My Math professor asked me to prove a theorem in Calculus.
After some thinking, I came up with a simple proof, but I’m not sure if it's correct.
The Challenge
Given $X^i = (X^i_1,\dots,X^i_n)$, prove the following theorem: $$\text{If } X^k \to X \text{ then } X^k_j \to\ X_j \text{ for every }\ j = 1,2,\dots,n. $$
My proof
If $ X^k \to X$ then $\forall \epsilon > 0\exists n \in \mathbb{N}$ so that $\forall k \geq n$, $\|X^k-X\| < \epsilon$.
Let us assume there's some $j$ for which $X^k_j \to\ X_j$ is false.
It follows that $X^k - X = (0,0,\dots,A,0,\dots,0)$ where $A = |X^k_j - X_j|$.

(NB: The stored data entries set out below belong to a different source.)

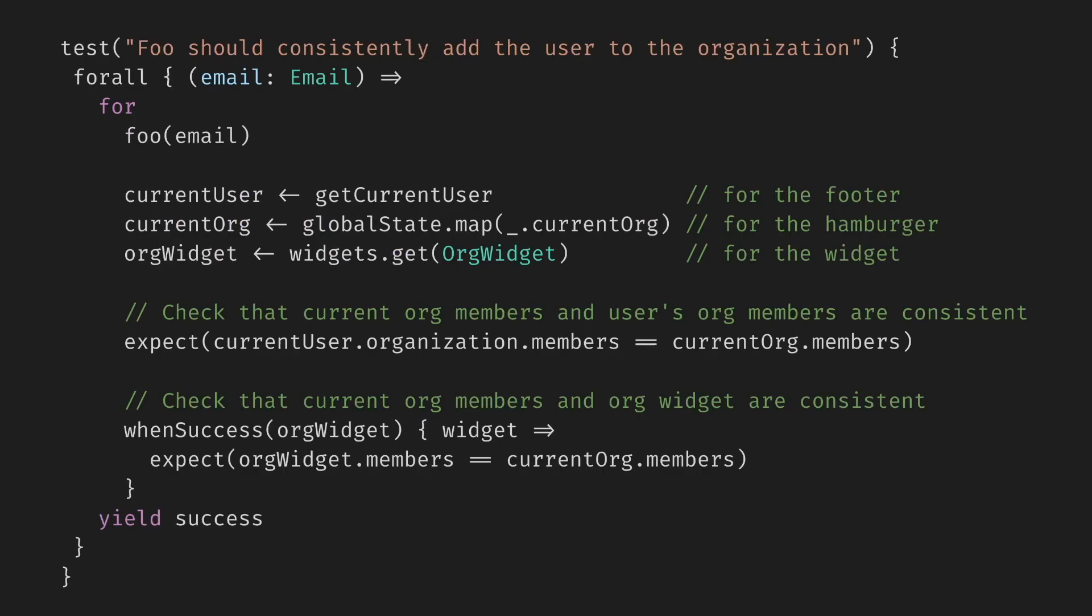We have to make sure that all of these are in sync. So we generate random email, we run some operation, maybe some additional synchronizations, then we get the info for the footer, info for the hamburger, info for the widget. First, we check that the members in the footer and the hamburger are consistent, and then we check that the one in the widget is also consistent. Note that it's usually not enough to have one property-based test. If we forget to implement the user update or do something else silly in all three places, this whole test is still going to succeed.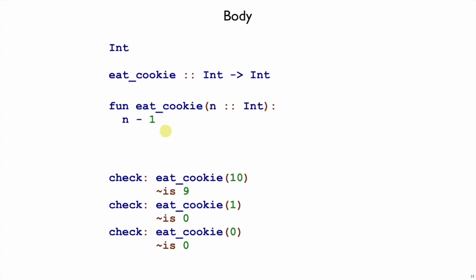Of course we can just subtract 1. So now we have a body that is consistent with this example, and we should check the other examples. EatCookie 1, that is looking for 0, that one works out.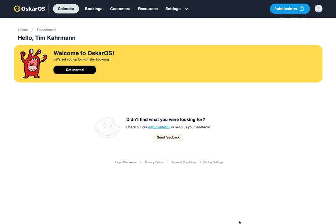Hello and welcome to OskarOS. My name is Tim and I'd like to briefly show you how you can set up OskarOS as your government scheduling software. Let's get started. After you have registered on our website, you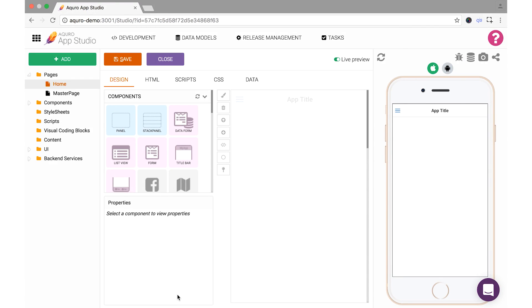In this video, we'll be looking in-depth at what you can do with the Page Builder in Acuro App Studio. Specifically, we'll be looking at working with building page components of various types and how you can lay them out on your pages.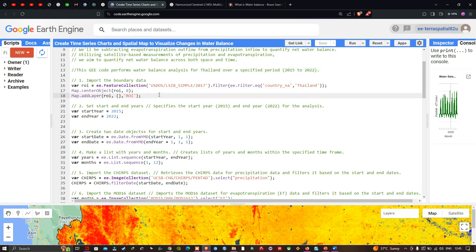To center on this boundary we define Map.centerObject(roi) with a zoom level of 8. Next, we add this layer into Earth Engine using Map.addLayer(roi) with default visualization parameters, outputting the layer name as 'roi'. We then set the start year to 2015 and end year to 2022 by defining variables startYear equals 2015 and endYear equals 2022.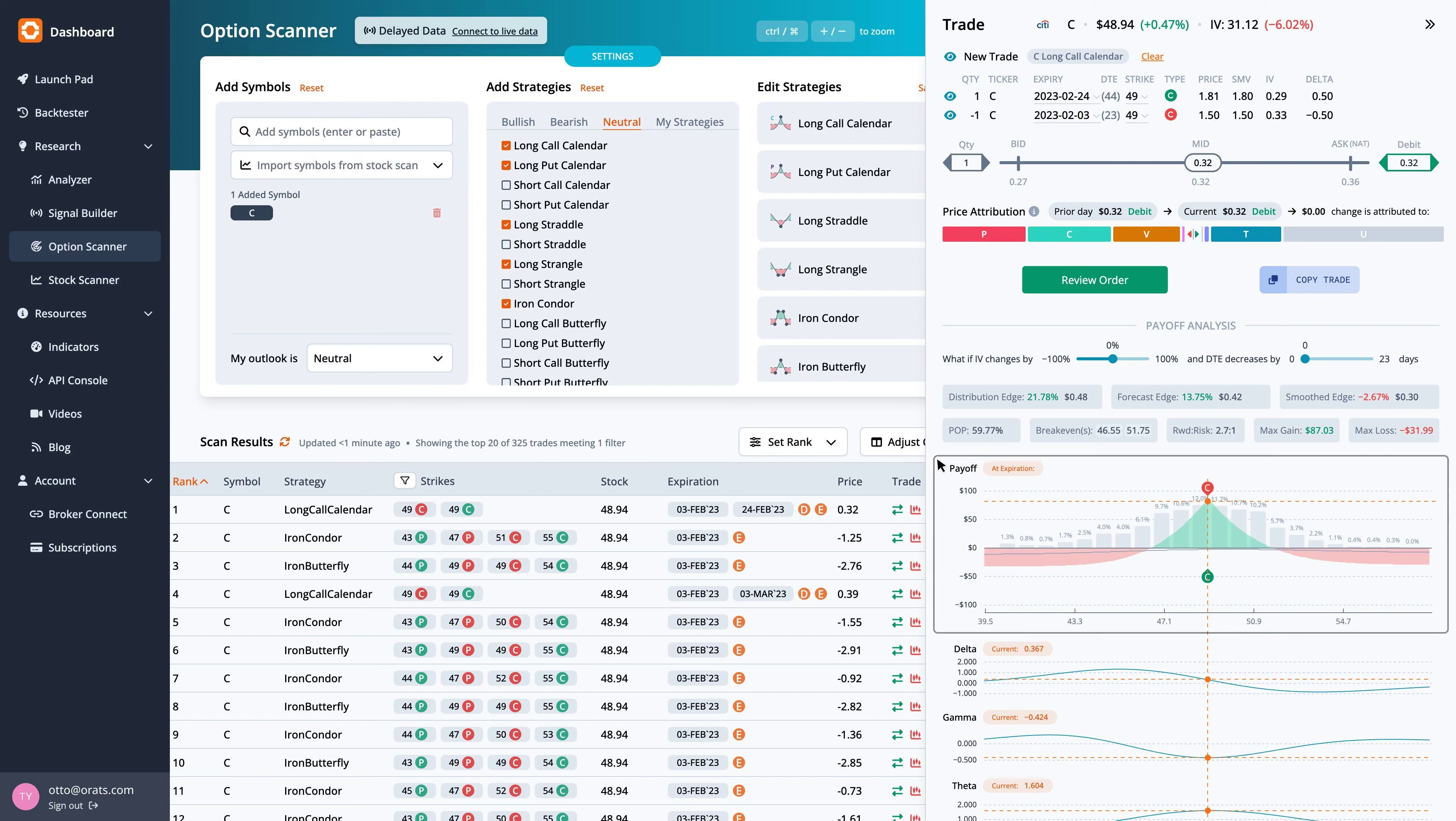We can also look at the payoff graph. The probability of profit sums the probability of the nodes for the part of the payoff picture above the zero profit line over three standard deviations.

$|X^k - X| = \sqrt{0^2+0^2+\dots+A^2+0^2+\dots+0^2} = \sqrt{A^2} = A$.
$ A > \epsilon$.
From stages 4 and 5, it follows that $\|X^k-X\| > \epsilon$. Contradiction!
Therefore, $X^k_j \to X_j$ Q.E.D.
Thanks in advance!
Your proof is correct.
A straight forward proof is
If $ Xk→X$ then, $ ∀ϵ>0∃n∈N$ so that $∀k≥n, ∥Xk−X∥<ϵ.$
Note that for every j,we have $$|Xkj−Xj|\le ∥Xk−X∥<ϵ.$$.